-- The task --
If a picture appears in the records, skip it; copy everything else exactly.

○ ○ ○ ○

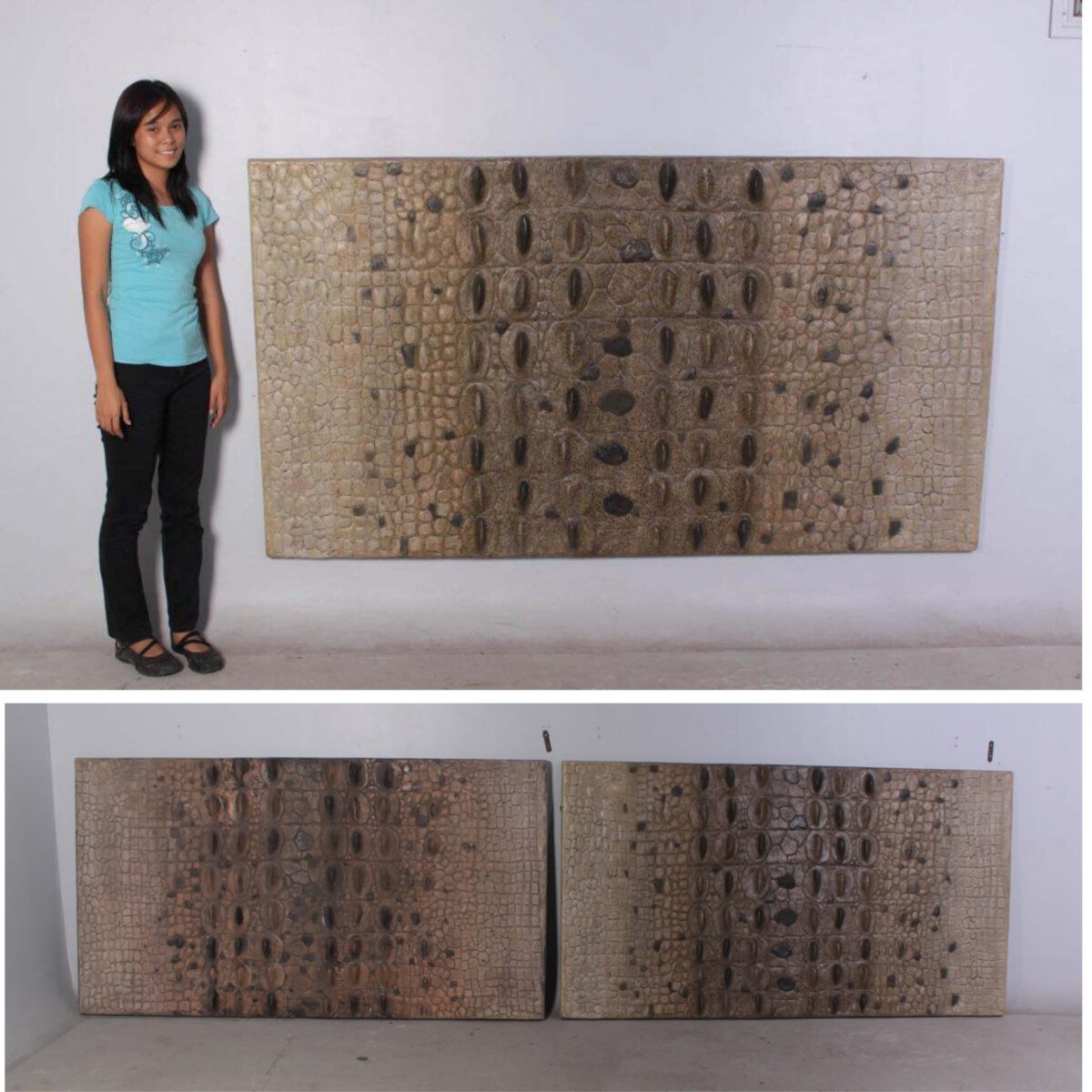 Natureworks Australia Crocodile Skin Panel / Wall or Ceiling - large scaled - 220cm long - 28kg - SKU 100071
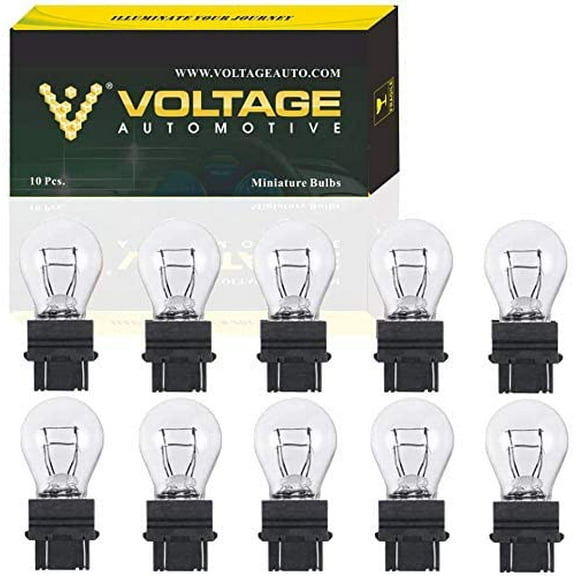 (10 Pack) 3057 Bulb For Brake Light Tail Light Turn Signal Side Marker Light Parking Back Up Light - Voltage Automotive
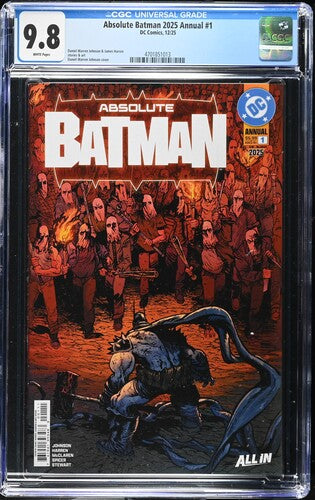 ABSOLUTE BATMAN #1 ANNUAL 1ST PRINTING CGC 9.8
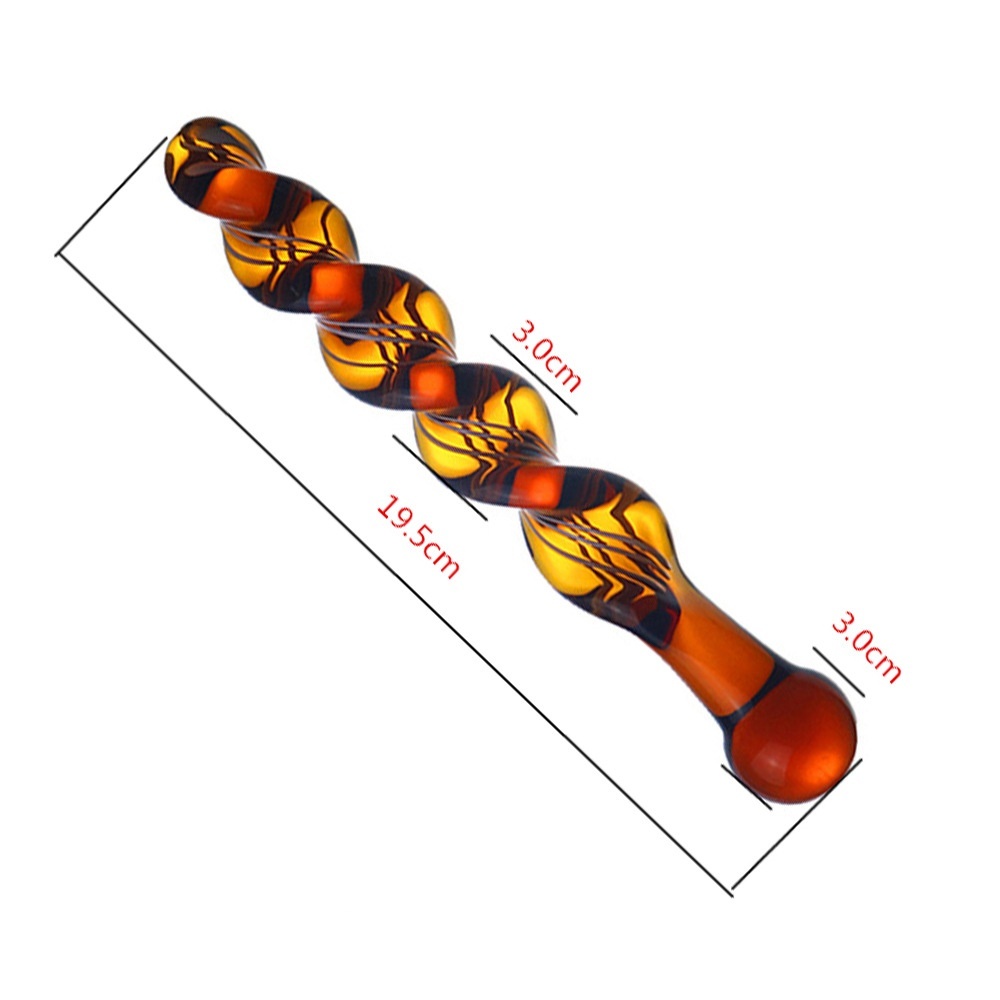 Crystal Touch: Temperature Play Glass Butt Plug Dildo-WeLovePlugs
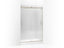 Levity® Sliding Shower Door, 74" H X 43-5/8 - 47-5/8" W, With 1/4" Thick Crystal Clear Glass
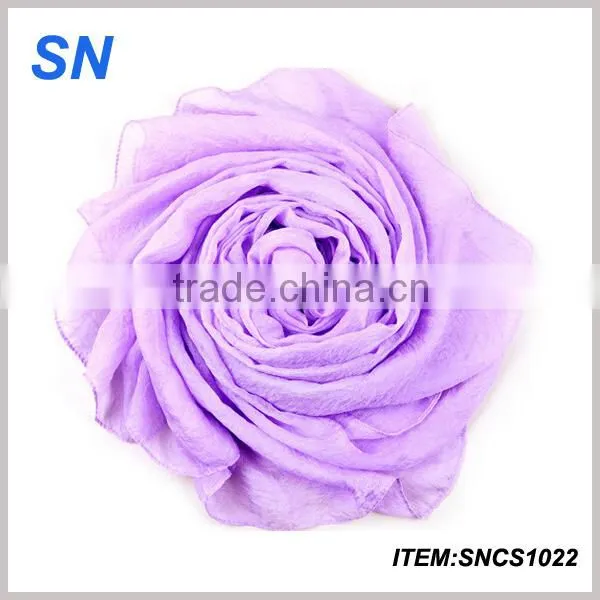 Alibaba china online shopping lady chiffon silk scarf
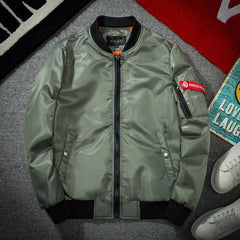 Military Bomber Jacket - Versatile and Durable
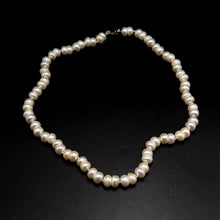 Natural Freshwater Pearl 9mm Cream Round Necklace 19.5’’ Classic White Jewelry for Purity and Healing - Necklace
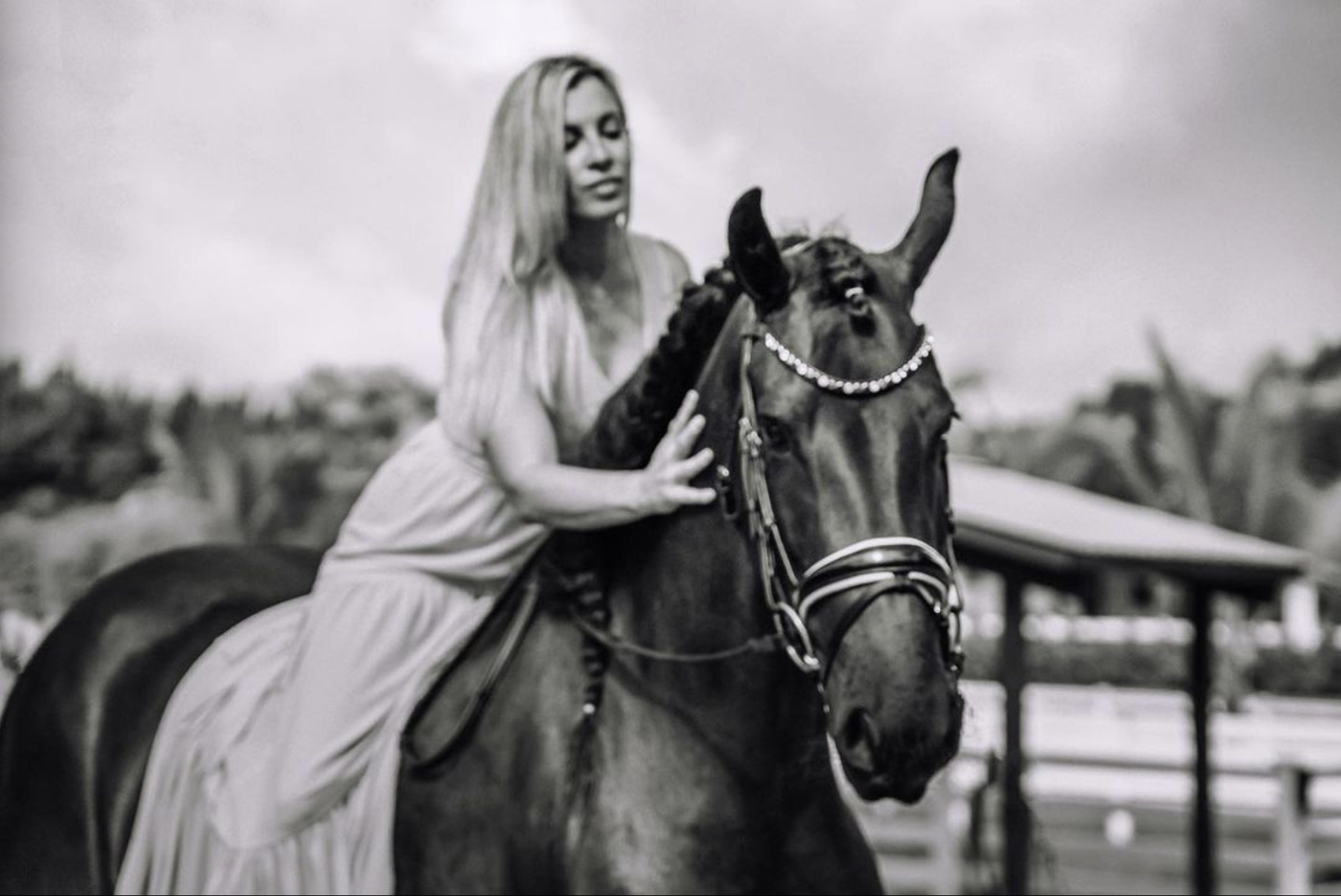 Monique Richter Riding a Horse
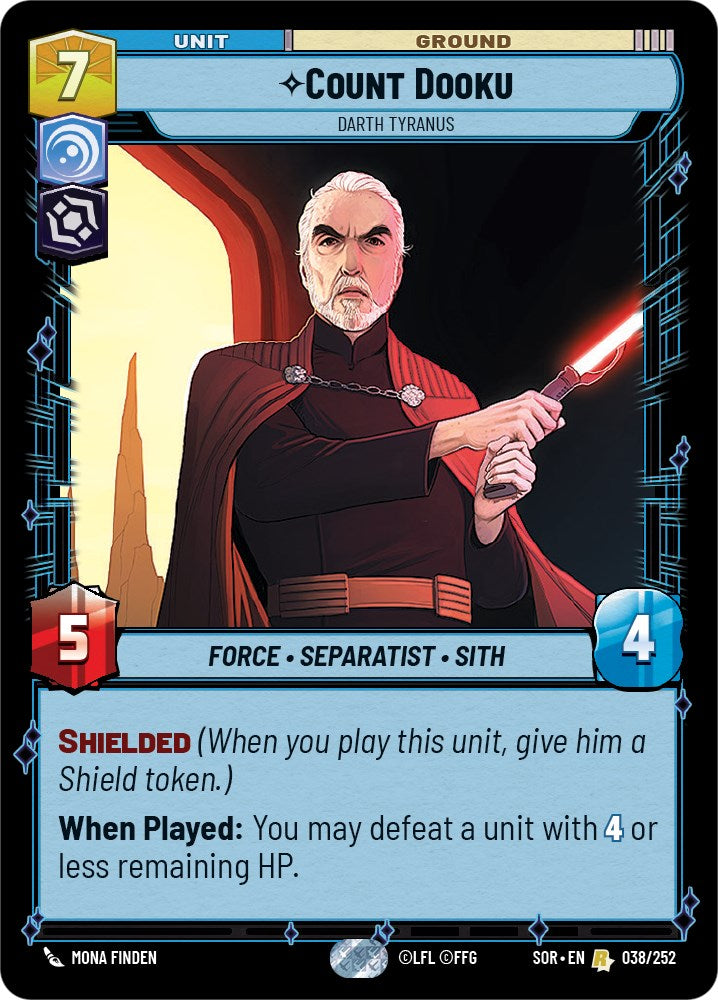 Count Dooku - Darth Tyranus (038/252) [Spark of Rebellion] | Cards and Coasters CA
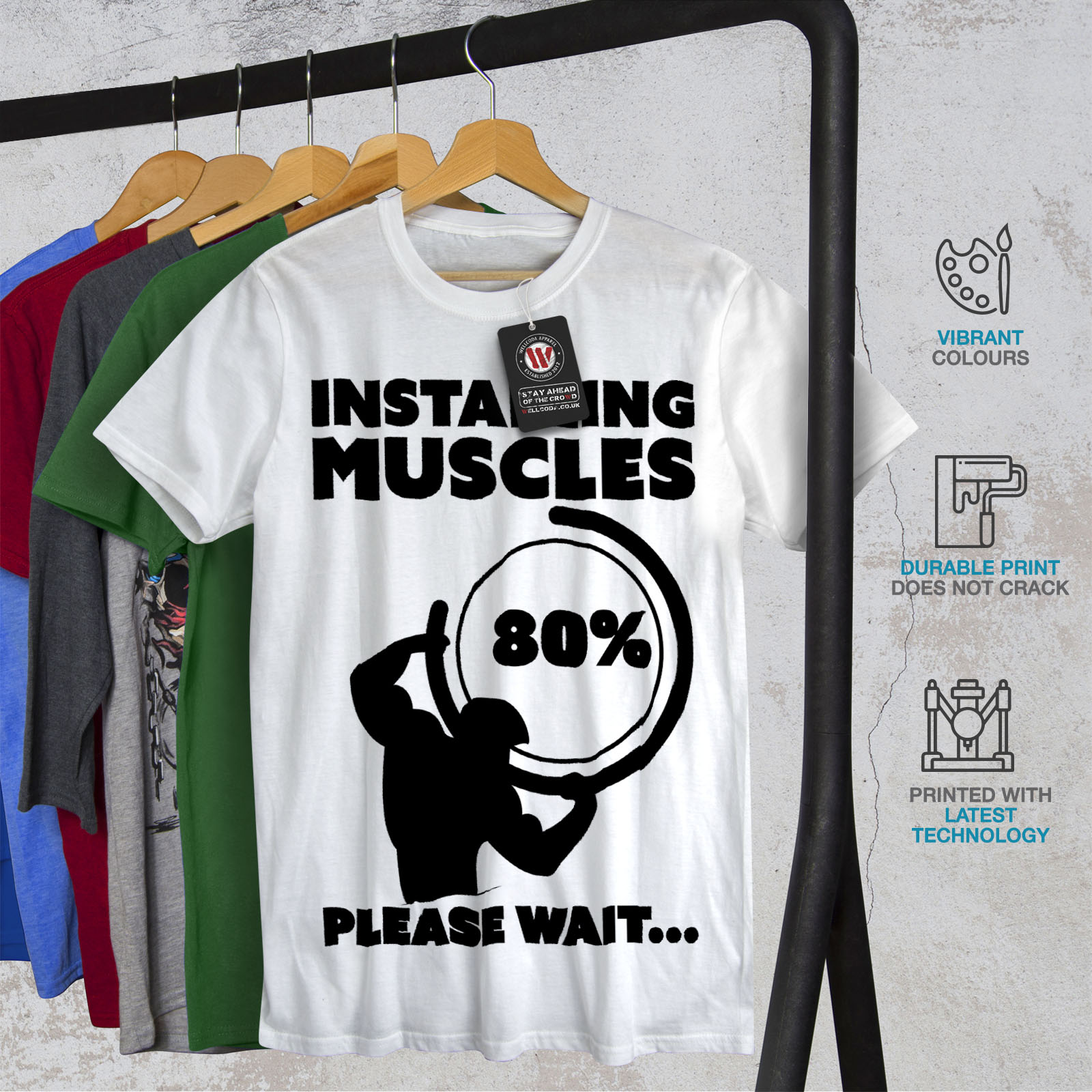 Wellcoda Muscle Gym Fitness Sport Mens T-shirt, Work Graphic Design Printed Tee | eBay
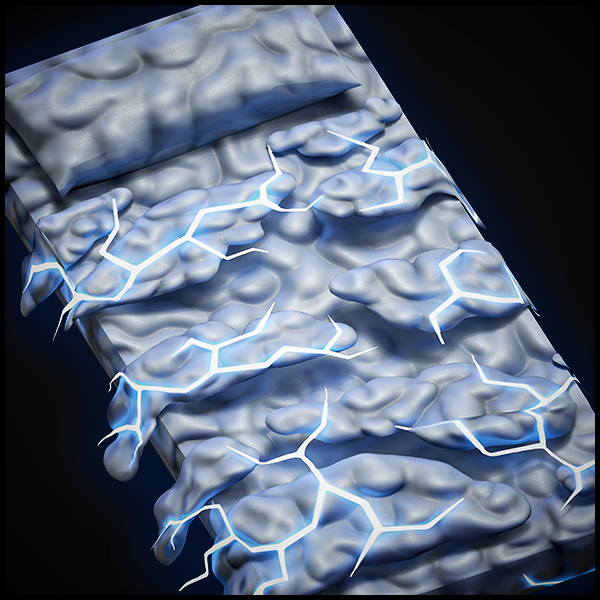 Storm Cloud Bed [TRANSPARENCY, Glow]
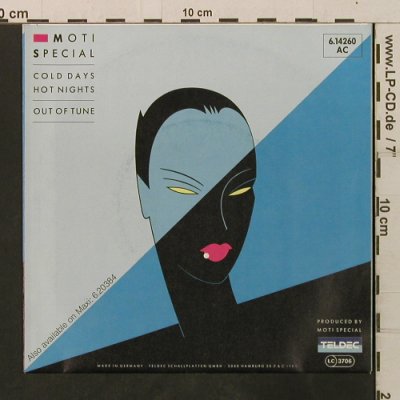 Moti Special: Cold Days Hot Nights/Out Of Tune, Teldec(6.14260 AC), D, 1985 - 7inch - T3471 - 2,50 Euro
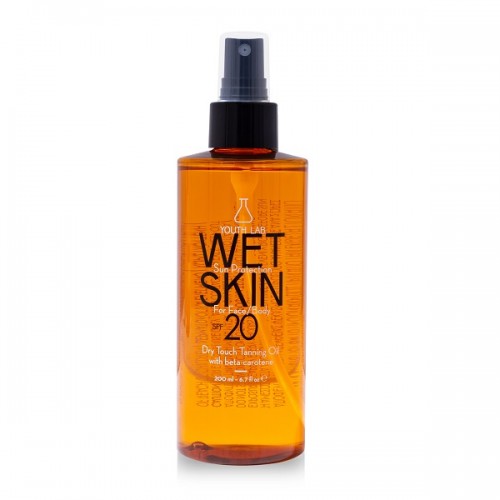 YOUTH LAB. SUN WET SKIN SUN PROTECTION SPF20 DRY OIL ALL SKIN TYPES 200ML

○ ○ ○ ○

-- Solution for this task --
 Natureworks Australia Crocodile Skin Panel / Wall or Ceiling - large scaled - 220cm long - 28kg - SKU 100071
 (10 Pack) 3057 Bulb For Brake Light Tail Light Turn Signal Side Marker Light Parking Back Up Light - Voltage Automotive
 ABSOLUTE BATMAN #1 ANNUAL 1ST PRINTING CGC 9.8
 Crystal Touch: Temperature Play Glass Butt Plug Dildo-WeLovePlugs
 Levity® Sliding Shower Door, 74" H X 43-5/8 - 47-5/8" W, With 1/4" Thick Crystal Clear Glass
 Alibaba china online shopping lady chiffon silk scarf
 Military Bomber Jacket - Versatile and Durable
 Natural Freshwater Pearl 9mm Cream Round Necklace 19.5’’ Classic White Jewelry for Purity and Healing - Necklace
 Monique Richter Riding a Horse
 Count Dooku - Darth Tyranus (038/252) [Spark of Rebellion] | Cards and Coasters CA
 Wellcoda Muscle Gym Fitness Sport Mens T-shirt, Work Graphic Design Printed Tee | eBay
 Storm Cloud Bed [TRANSPARENCY, Glow]
 Moti Special: Cold Days Hot Nights/Out Of Tune, Teldec(6.14260 AC), D, 1985 - 7inch - T3471 - 2,50 Euro
 YOUTH LAB. SUN WET SKIN SUN PROTECTION SPF20 DRY OIL ALL SKIN TYPES 200ML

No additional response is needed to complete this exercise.